Dow Jones Börse

Dow Jones

US-Börsen eröffnen mehrheitlich im Plus

Die weitere Erholung der Ölpreise unterstützt.

Die US-Börsen haben am Dienstag kurz nach Handelsbeginn mehrheitlich im Plus tendiert. Die fortgesetzte Erholung der Ölpreise stütze die Stimmung an der Wall Street. Etwas belastend wirken aber enttäuschende Konjunkturdaten sowie ebenfalls zum Teil verhaltene Quartalsberichte großer Konzerne aus den Vereinigten Staaten.

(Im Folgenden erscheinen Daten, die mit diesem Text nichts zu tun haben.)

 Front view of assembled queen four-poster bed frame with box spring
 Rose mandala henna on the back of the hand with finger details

Gegen 15.50 Uhr stieg der Dow Jones Industrial Index um 54,27 Einheiten oder 0,30 Prozent auf 18.058,43 Zähler. Bereits am Montag hatte der US-Leitindex erstmals wieder seit Juli 2015 über 18.000 Punkten geschlossen. Der S&P-500 Index legte 5,12 Punkte oder 0,24 Prozent auf 2.099,46 Zähler zu. Der Nasdaq Composite Index fiel hingegen um 9,15 Punkte oder 0,18 Prozent auf 4.950,86 Einheiten.

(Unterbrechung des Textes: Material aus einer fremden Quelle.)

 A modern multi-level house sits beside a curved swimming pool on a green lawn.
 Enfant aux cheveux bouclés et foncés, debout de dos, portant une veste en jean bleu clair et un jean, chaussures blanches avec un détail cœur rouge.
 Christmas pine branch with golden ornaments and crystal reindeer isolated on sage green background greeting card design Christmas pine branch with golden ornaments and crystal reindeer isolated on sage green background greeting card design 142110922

Nach ihrem Preiseinbruch zum Wochenstart erholten sich die Ölpreise weiter. Schwach fielen die Daten vom US-Immobilienmarkt aus. Die Baugenehmigungen im März fielen überraschend. Die Baubeginne waren dagegen zwar rückläufig erwartet worden, jedoch längst nicht so deutlich, wie nun gemeldet wurde.

Unternehmensseitig zogen erneut zahlreiche Quartalsberichte Aufmerksamkeit auf sich: Mit Goldman Sachs legte eine weitere Großbank in den USA Zahlen vor. Das Ergebnis je Aktie überraschte die meisten Analysten zwar wegen deutlicher Kosteneinsparungen positiv, die Erträge hingegen enttäuschten. Die Aktie verlor ein Prozent.

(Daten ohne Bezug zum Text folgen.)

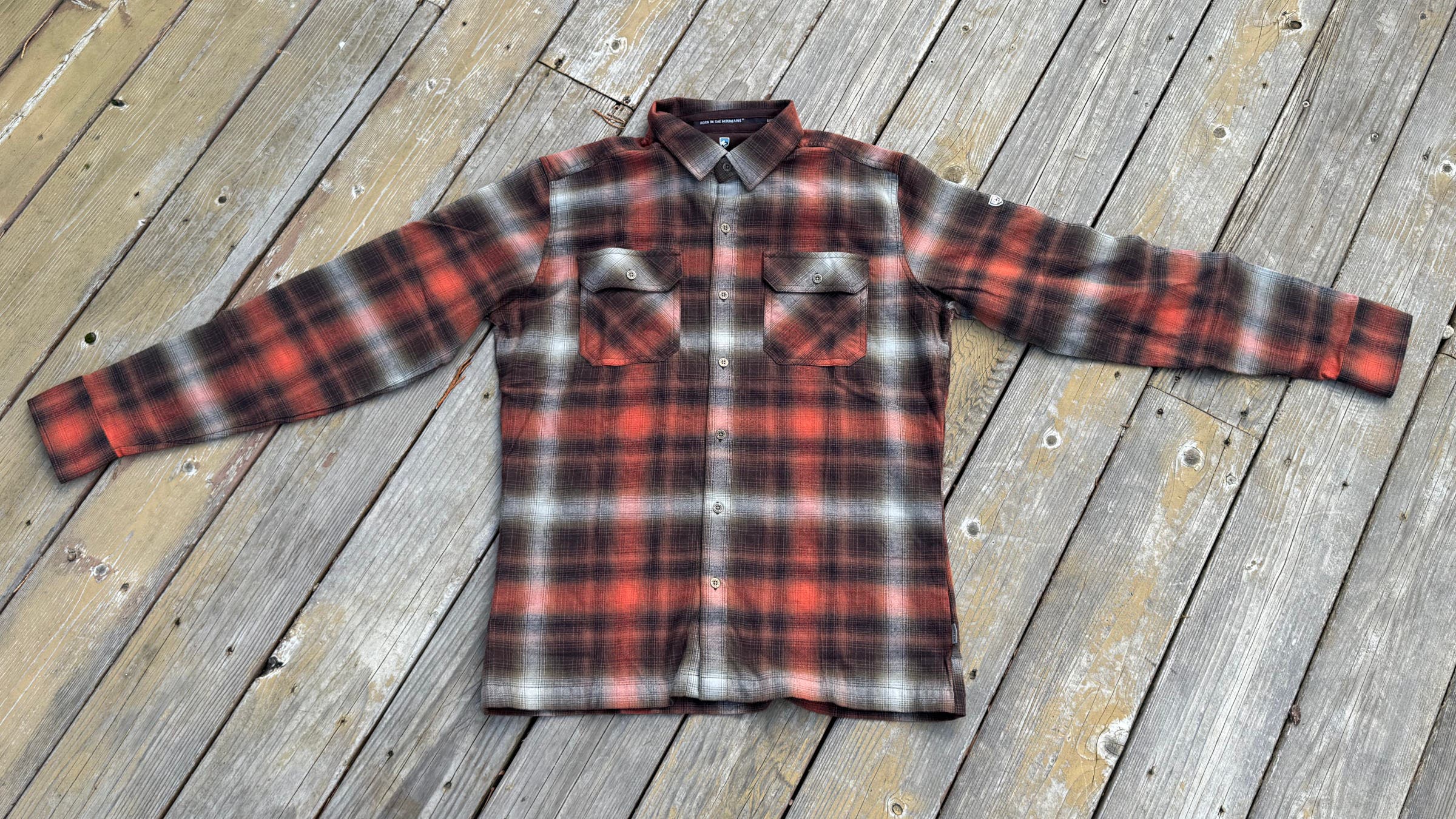 A red, black, and white plaid-patterned Kuhl Dilingr Flannel shirt for men, arranged for display on aged wooden decking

Mit Enttäuschung reagierten Anleger auch auf die Quartalsbilanzen von IBM, Netflix oder Philip Morris. Beim Computerkonzern IBM setzte sich der jahrelange Umsatzrückgang fort und auch der Gewinn fiel im Jahresvergleich, was der Aktie einen satten Verlust von 4,15 Prozent einbrockte. Philip Morris verbilligten sich nach den verhalten aufgenommenen Erstquartalszahlen des laufenden Geschäftsjahres um zwei Prozent.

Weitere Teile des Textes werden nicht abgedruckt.